Listed entries.
>>
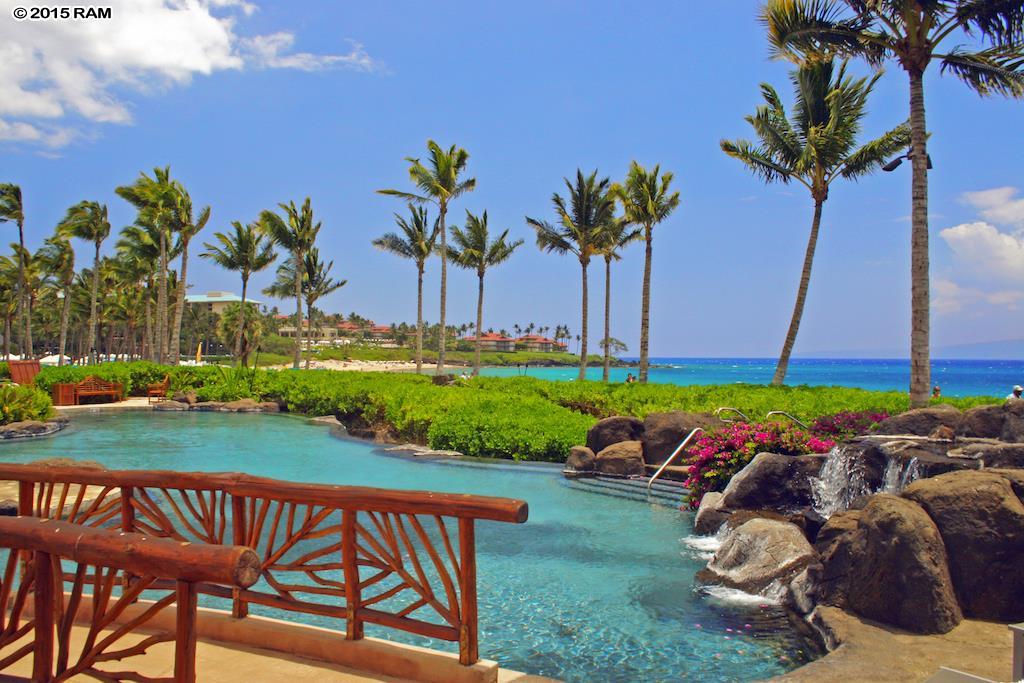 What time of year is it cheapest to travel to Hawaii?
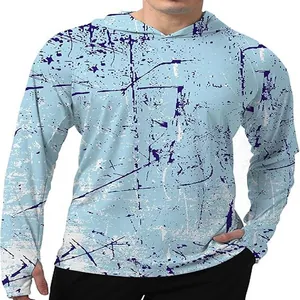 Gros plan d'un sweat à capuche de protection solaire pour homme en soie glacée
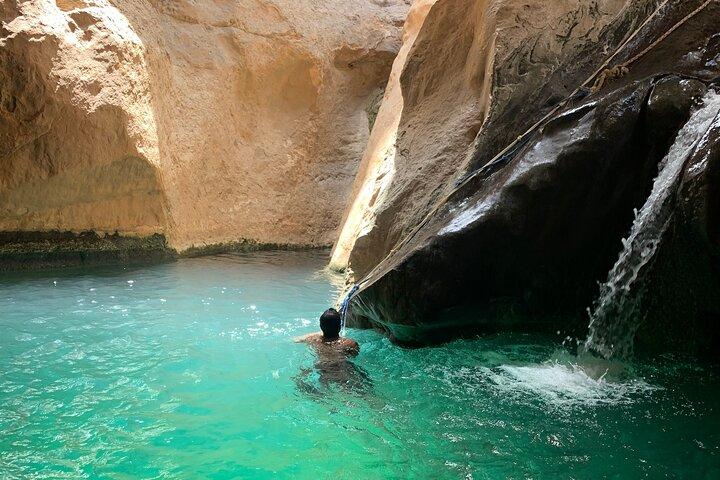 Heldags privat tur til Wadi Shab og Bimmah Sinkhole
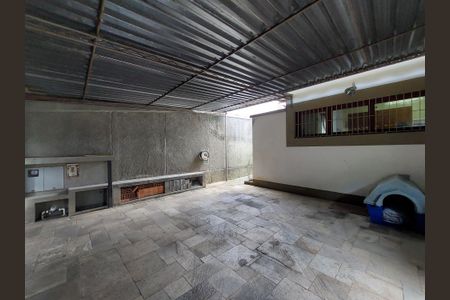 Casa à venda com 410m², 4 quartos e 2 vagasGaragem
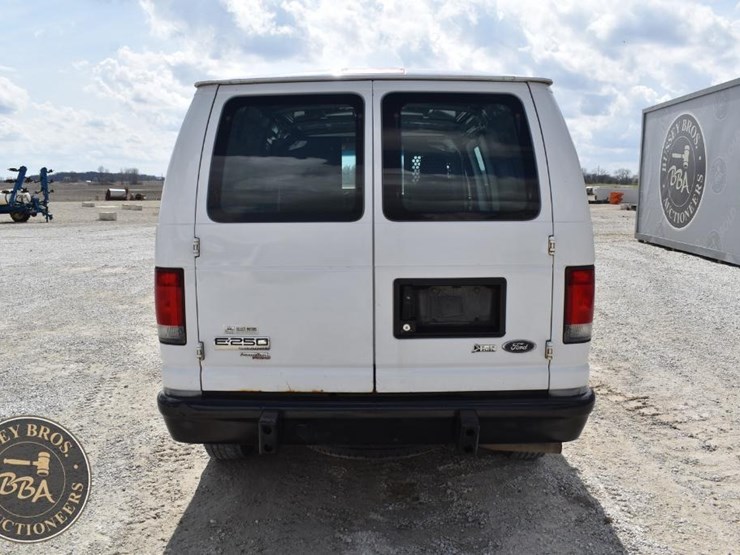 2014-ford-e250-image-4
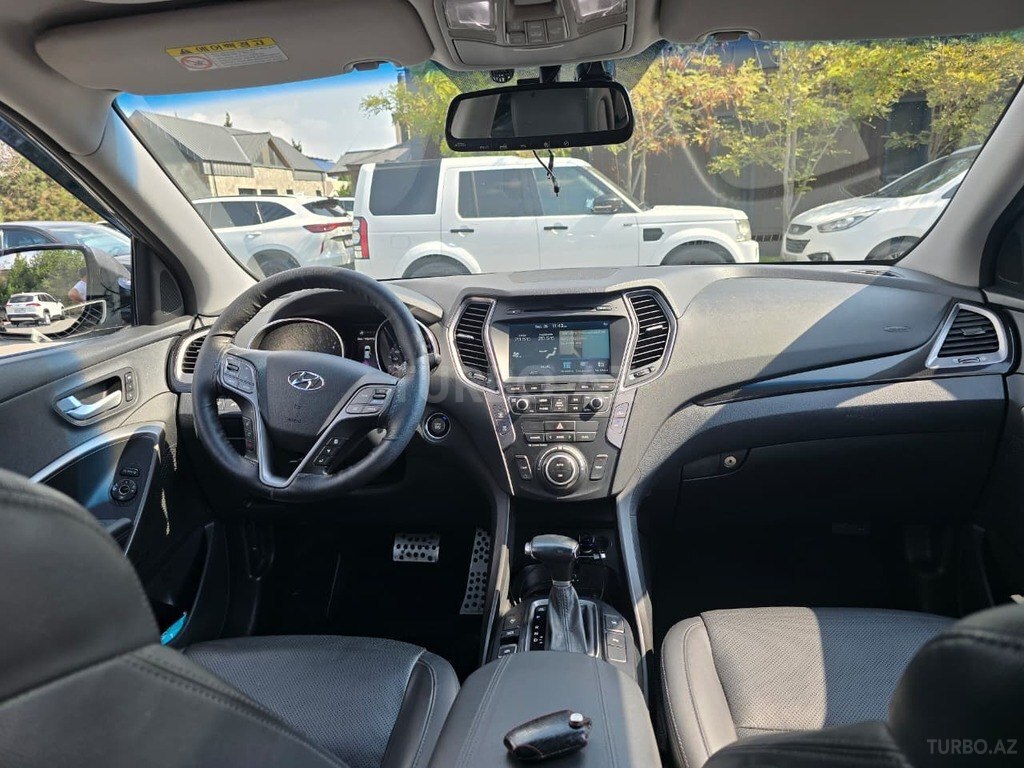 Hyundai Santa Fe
<<
>>
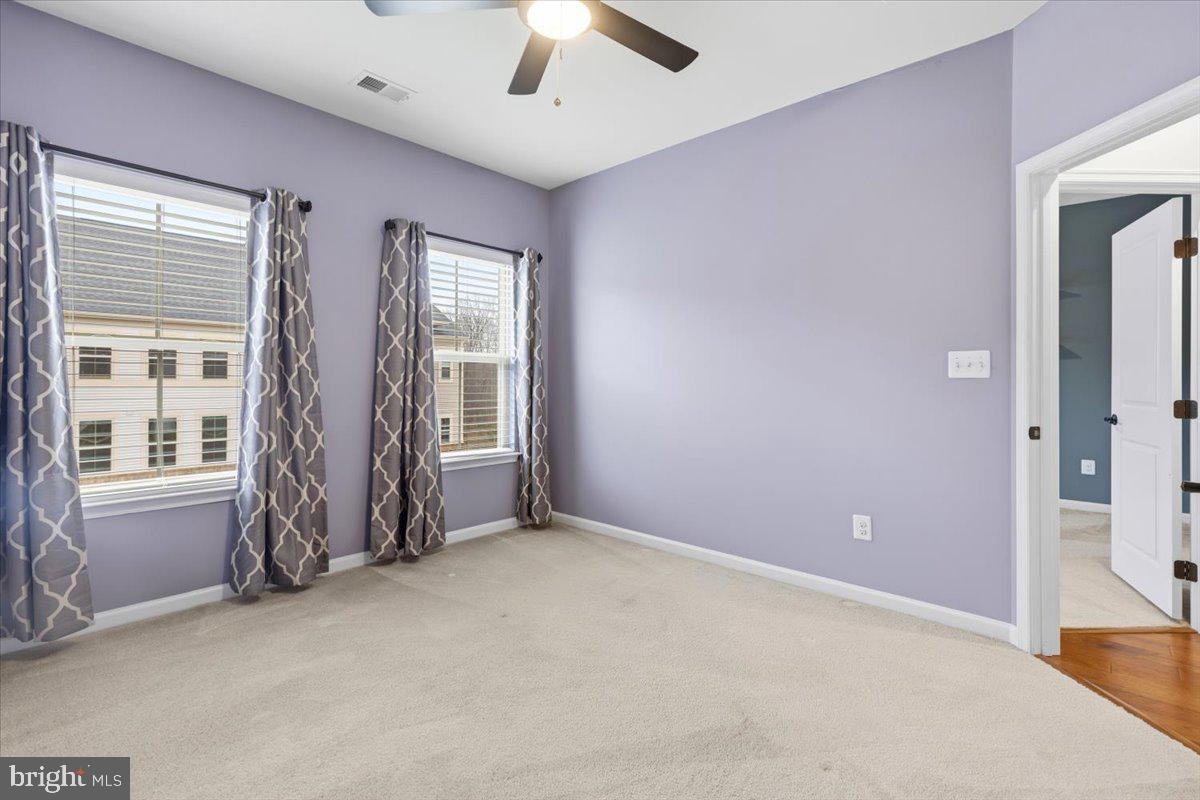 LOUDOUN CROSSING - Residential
<<
>>
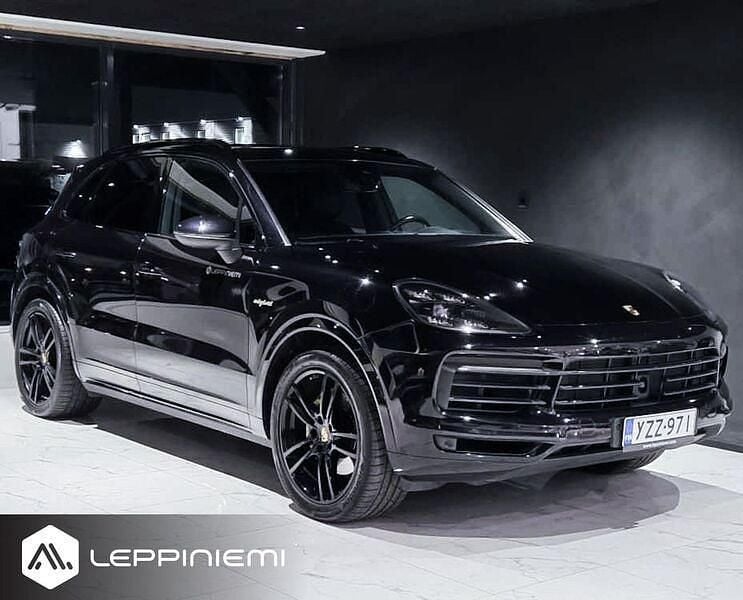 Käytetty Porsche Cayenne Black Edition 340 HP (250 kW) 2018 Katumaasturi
<<
Directions.
Output should consist of the lines above from the one with "What time of" down to the one with "Hyundai Santa Fe", exact and without pictures.

Task result.
 What time of year is it cheapest to travel to Hawaii?
 Gros plan d'un sweat à capuche de protection solaire pour homme en soie glacée
 Heldags privat tur til Wadi Shab og Bimmah Sinkhole
 Casa à venda com 410m², 4 quartos e 2 vagasGaragem
 2014-ford-e250-image-4
 Hyundai Santa Fe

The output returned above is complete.